Pictures aside, the output must consist of the lines from the one containing "4 sypialnia Mieszkanie" through the end of the data, reproduced exactly.

RECORDED INFORMATION:
◆ ◆ ◆ ◆ ◆ ◆ ◆

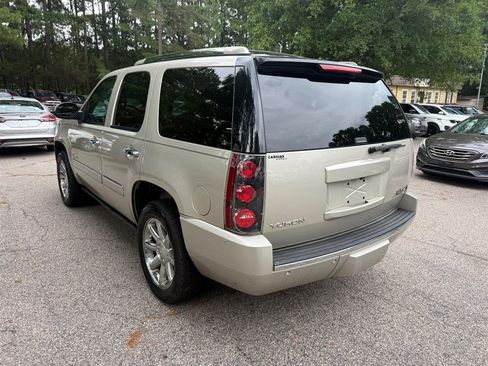 Used 2013 GMC Yukon Denali RWD image 7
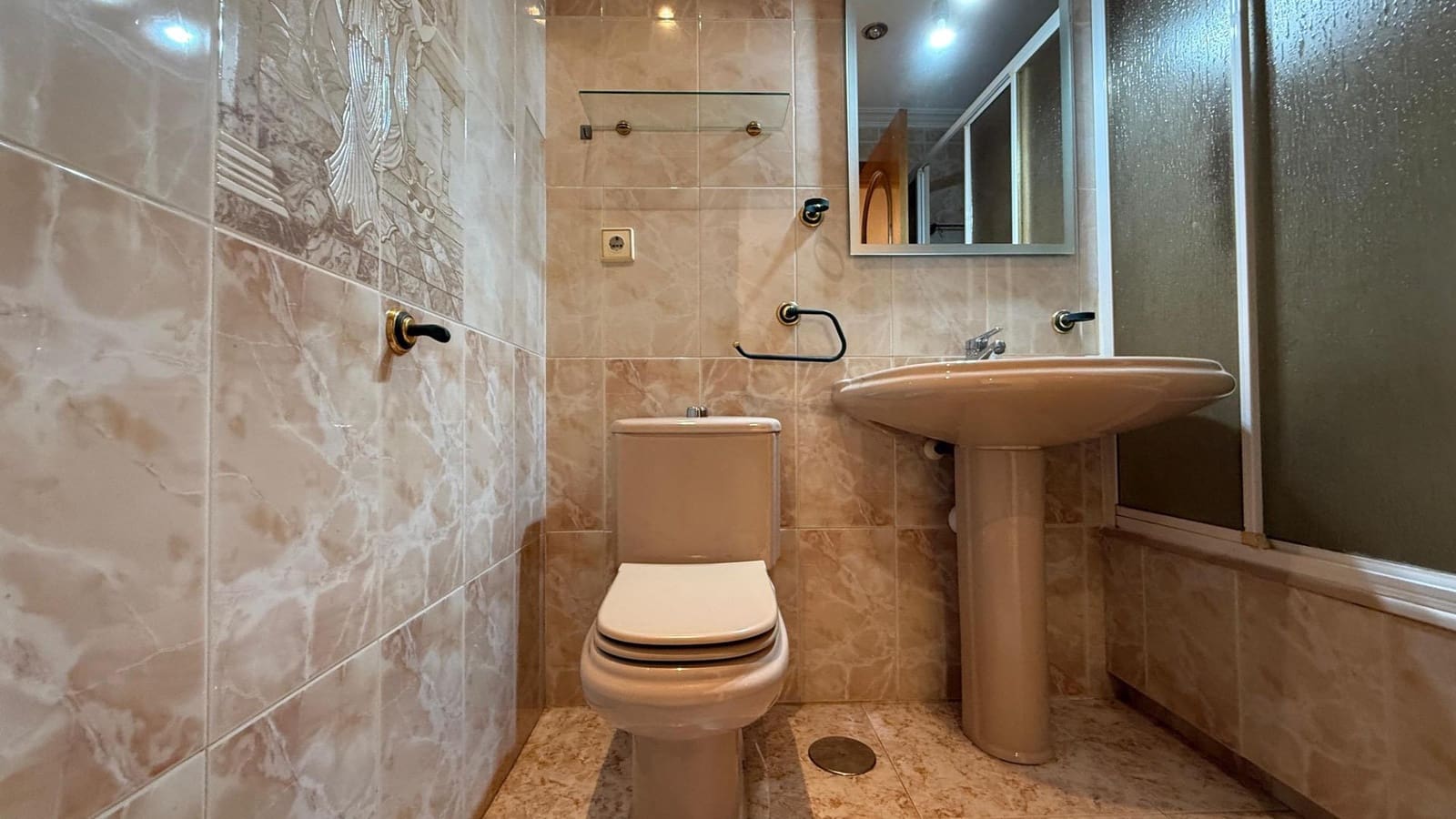 4 sypialnia Mieszkanie na sprzedaż w Torrevieja - 205 000 € (Ref: 9825423)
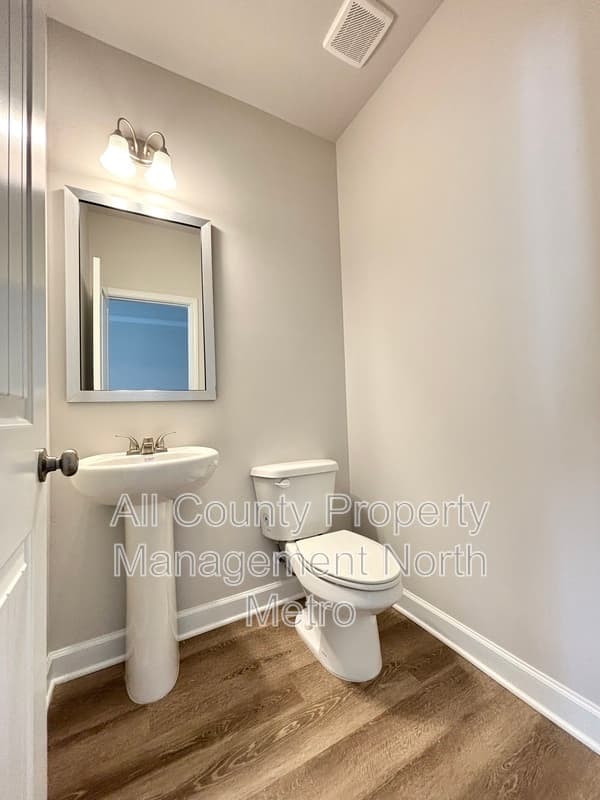 Lula Townhome: 6366 Pine Ridge Point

◆ ◆ ◆ ◆ ◆ ◆ ◆

OUTPUT BELOW:
 4 sypialnia Mieszkanie na sprzedaż w Torrevieja - 205 000 € (Ref: 9825423)
 Lula Townhome: 6366 Pine Ridge Point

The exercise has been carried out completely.